• **Task goal**
Pictures excluded, reproduce exactly the lines below from the one with "Pigini 3 korig pianotrekkspill selges!" through the one with "トヨタ ランドクルーザー プラド", both included.

• **Data for this exercise**
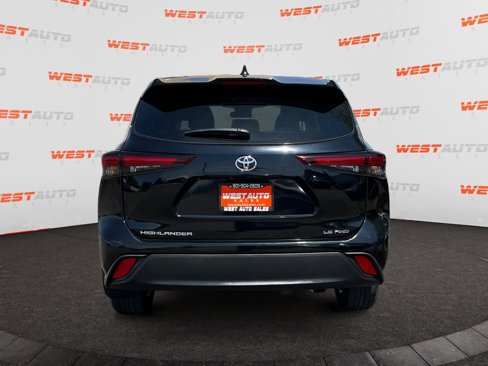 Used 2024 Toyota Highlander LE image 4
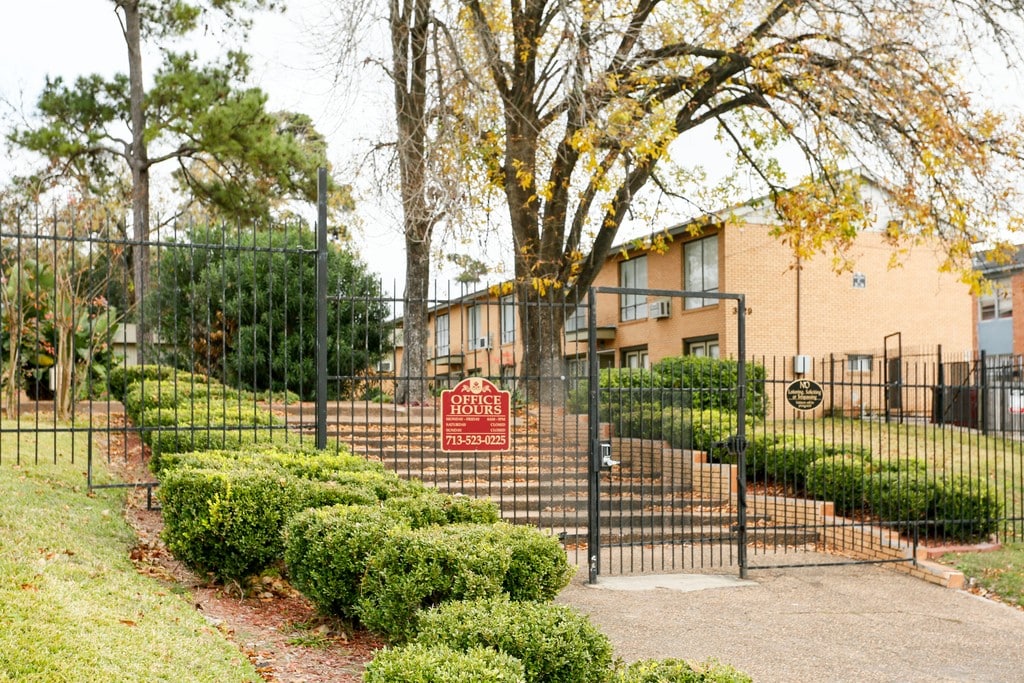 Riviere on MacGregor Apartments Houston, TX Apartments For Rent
---
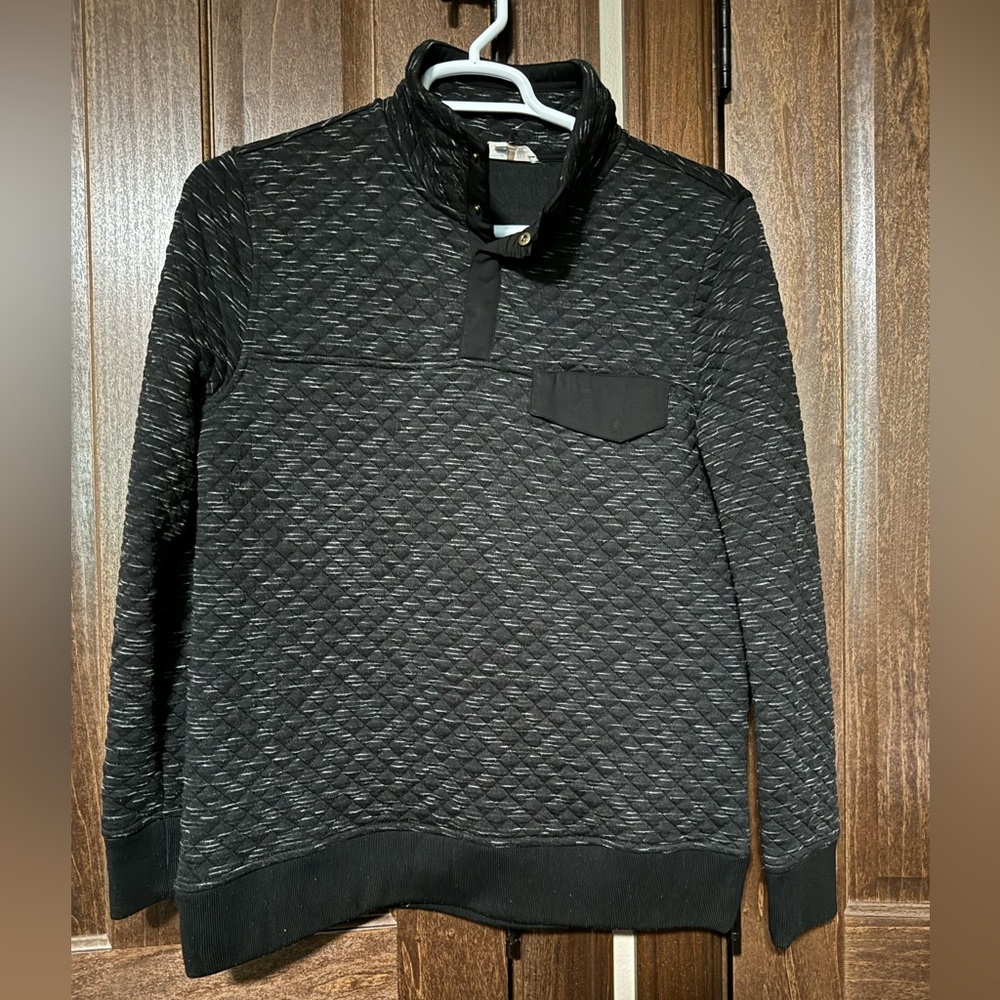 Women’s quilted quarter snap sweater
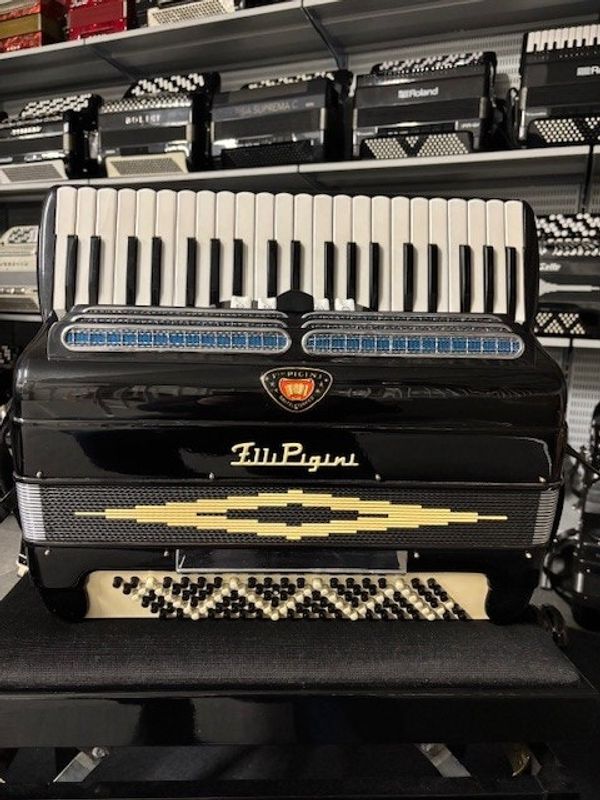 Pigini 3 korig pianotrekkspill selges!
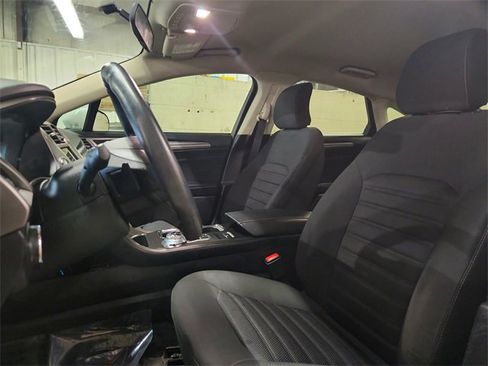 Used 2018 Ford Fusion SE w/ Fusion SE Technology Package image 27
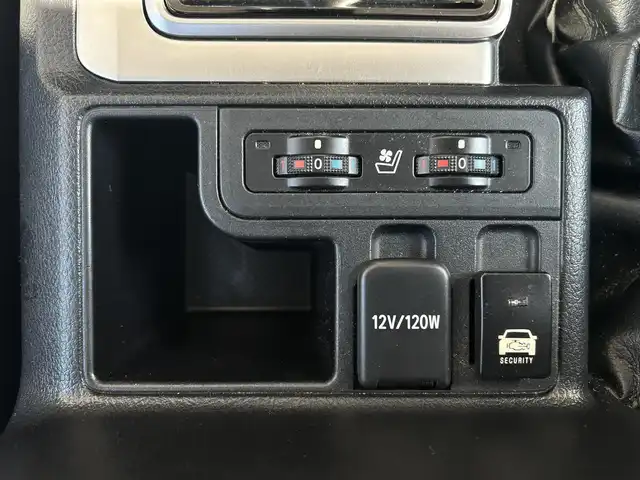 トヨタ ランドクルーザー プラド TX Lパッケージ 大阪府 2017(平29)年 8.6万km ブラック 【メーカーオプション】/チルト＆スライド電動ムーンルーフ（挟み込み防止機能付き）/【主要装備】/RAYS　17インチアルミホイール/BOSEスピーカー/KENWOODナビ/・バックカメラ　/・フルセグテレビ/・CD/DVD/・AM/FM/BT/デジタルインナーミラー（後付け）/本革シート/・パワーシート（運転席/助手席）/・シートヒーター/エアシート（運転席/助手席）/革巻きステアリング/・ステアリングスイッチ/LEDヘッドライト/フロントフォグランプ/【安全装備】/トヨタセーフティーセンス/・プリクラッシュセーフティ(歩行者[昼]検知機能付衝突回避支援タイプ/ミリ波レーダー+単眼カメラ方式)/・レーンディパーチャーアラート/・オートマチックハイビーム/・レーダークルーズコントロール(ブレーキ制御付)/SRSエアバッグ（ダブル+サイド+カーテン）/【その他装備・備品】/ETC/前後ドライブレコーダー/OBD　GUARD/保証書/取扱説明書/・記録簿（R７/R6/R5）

• **Answer area**
 Pigini 3 korig pianotrekkspill selges!
 Used 2018 Ford Fusion SE w/ Fusion SE Technology Package image 27
 トヨタ ランドクルーザー プラド TX Lパッケージ 大阪府 2017(平29)年 8.6万km ブラック 【メーカーオプション】/チルト＆スライド電動ムーンルーフ（挟み込み防止機能付き）/【主要装備】/RAYS　17インチアルミホイール/BOSEスピーカー/KENWOODナビ/・バックカメラ　/・フルセグテレビ/・CD/DVD/・AM/FM/BT/デジタルインナーミラー（後付け）/本革シート/・パワーシート（運転席/助手席）/・シートヒーター/エアシート（運転席/助手席）/革巻きステアリング/・ステアリングスイッチ/LEDヘッドライト/フロントフォグランプ/【安全装備】/トヨタセーフティーセンス/・プリクラッシュセーフティ(歩行者[昼]検知機能付衝突回避支援タイプ/ミリ波レーダー+単眼カメラ方式)/・レーンディパーチャーアラート/・オートマチックハイビーム/・レーダークルーズコントロール(ブレーキ制御付)/SRSエアバッグ（ダブル+サイド+カーテン）/【その他装備・備品】/ETC/前後ドライブレコーダー/OBD　GUARD/保証書/取扱説明書/・記録簿（R７/R6/R5）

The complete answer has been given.